[Required work] Leaving the pictures aside, transcribe the data below exactly.

-*-

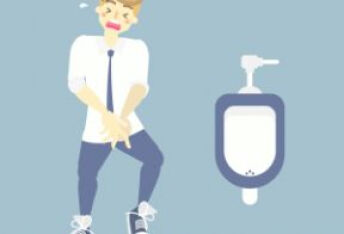 尿频尿急是怎么回事？
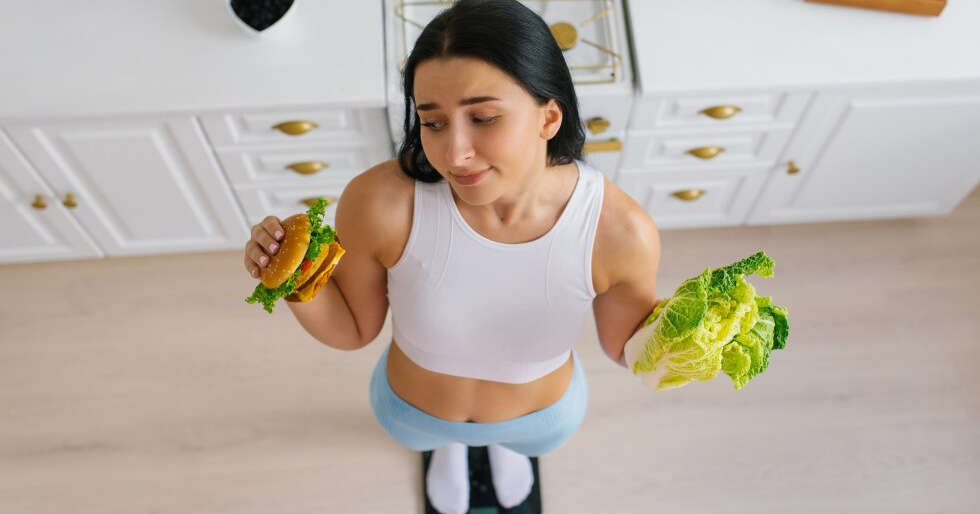 13 Lebensmittel-Tauschmaßnahmen, die die Gesundheitswerte von Frauen ...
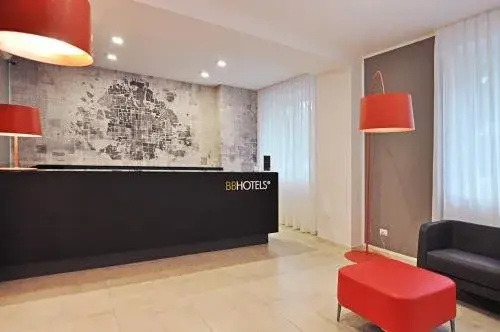 Foto - BB Hotels Aparthotel Visconti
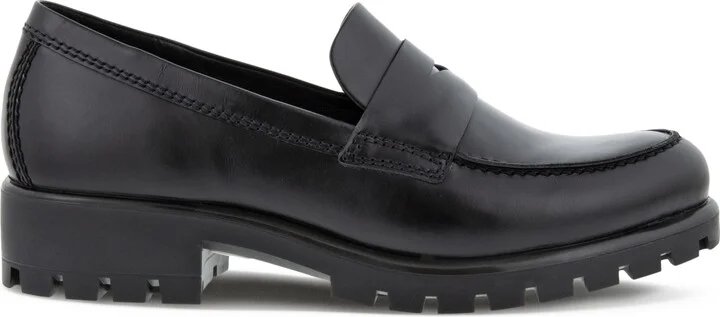 Ecco Women's Modtray Penny Loafer - Image 2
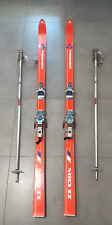 Sci fischer mid usato  Valenzano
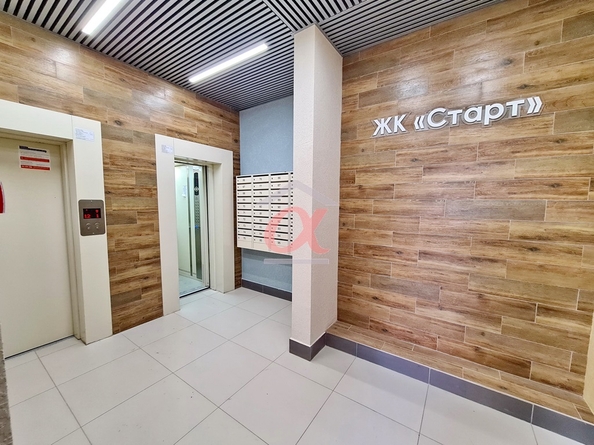 
  Сдается 1-комн. квартира 27.5 м². Фото 19.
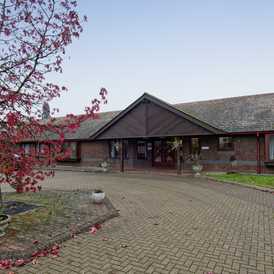 Broadwater Lodge - Care Home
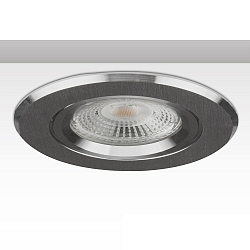 Cadre de montage BRUSH TWO pivotant, rotatif, aluminium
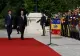 Președintele Israelului, Isaac Herzog, a sosit în România pentru comemorarea a 85 de ani de la Pogromul de la Iași GALERIE FOTO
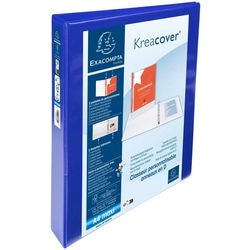 Präsentationsmappe Kreacover Exacompta 51942be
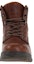 Lookbook (W) Timberland But Kasual Comfort Coklat Merah 01614A1A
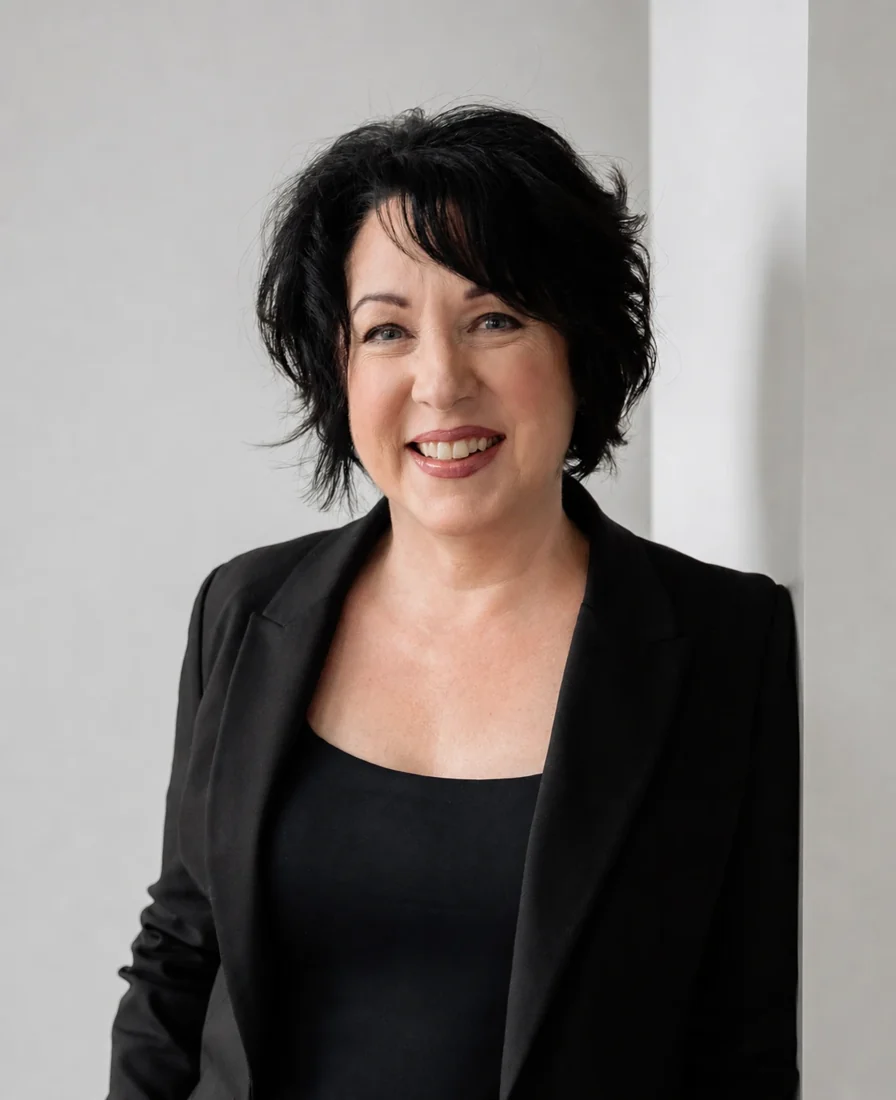 Maryse Montagne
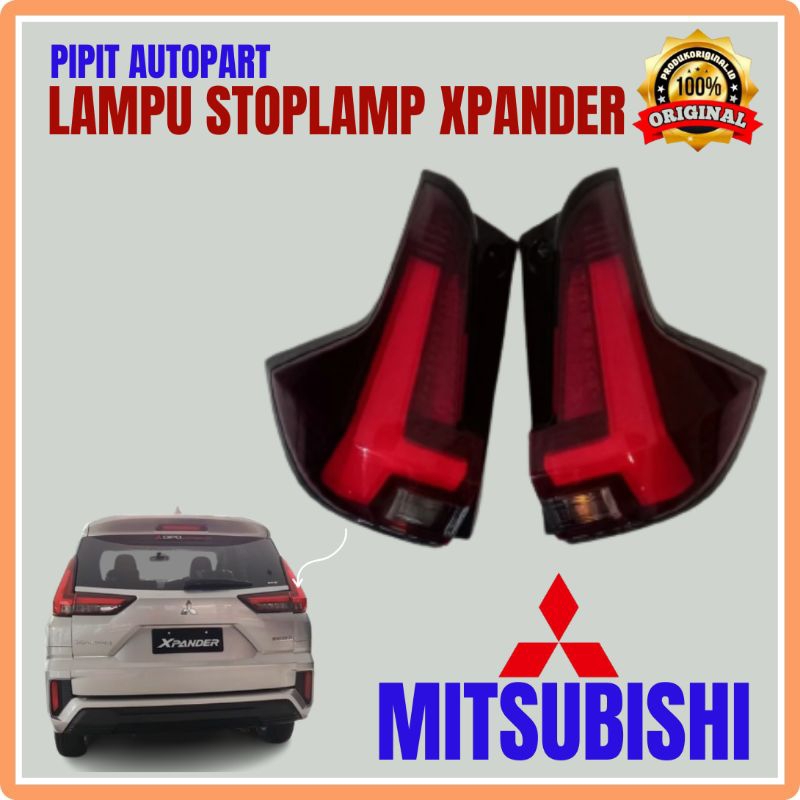LAMPU STOPLAMP XPANDER ORIGINAL 2022 2023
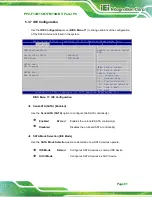 Preview for 97 page of IEI Technology PPC-F12B-BT User Manual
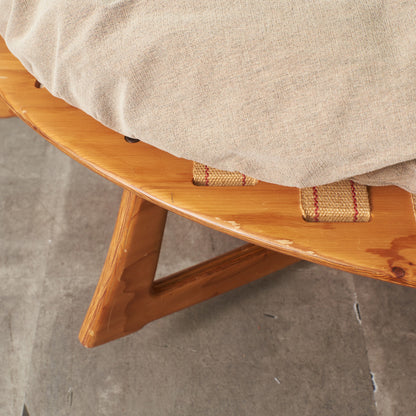 人類進化ベッド 02タイプ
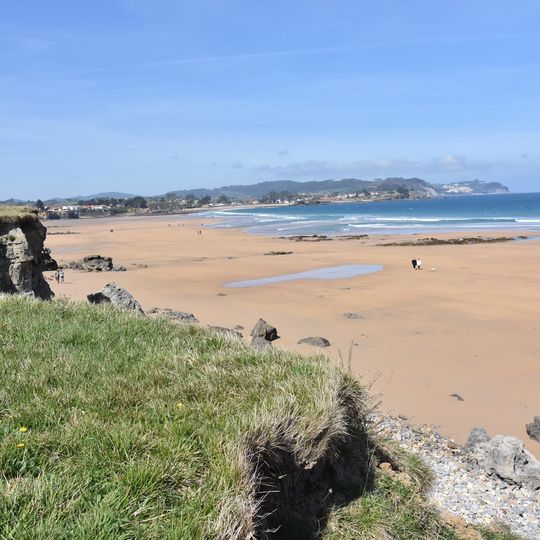 Playa de Moracey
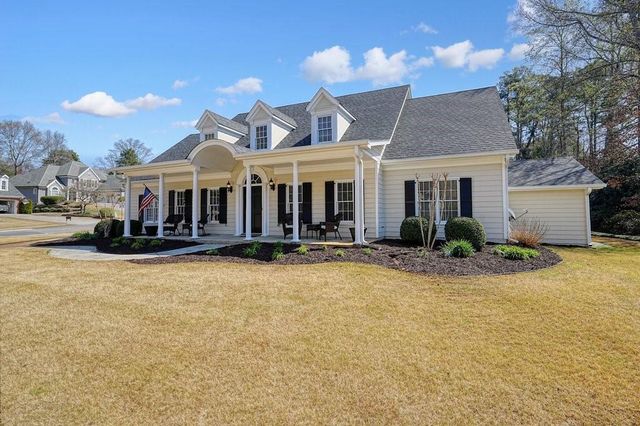 2564 Chestea Drive NE, Marietta, GA 30066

-*-

[Task solution]
 尿频尿急是怎么回事？
 13 Lebensmittel-Tauschmaßnahmen, die die Gesundheitswerte von Frauen ...
 Foto - BB Hotels Aparthotel Visconti
 Ecco Women's Modtray Penny Loafer - Image 2
 Sci fischer mid usato  Valenzano
  Сдается 1-комн. квартира 27.5 м². Фото 19.
 Broadwater Lodge - Care Home
 Cadre de montage BRUSH TWO pivotant, rotatif, aluminium
 Președintele Israelului, Isaac Herzog, a sosit în România pentru comemorarea a 85 de ani de la Pogromul de la Iași GALERIE FOTO
 Präsentationsmappe Kreacover Exacompta 51942be
 Lookbook (W) Timberland But Kasual Comfort Coklat Merah 01614A1A
 Maryse Montagne
LAMPU STOPLAMP XPANDER ORIGINAL 2022 2023
 Preview for 97 page of IEI Technology PPC-F12B-BT User Manual
 人類進化ベッド 02タイプ
 Playa de Moracey
 2564 Chestea Drive NE, Marietta, GA 30066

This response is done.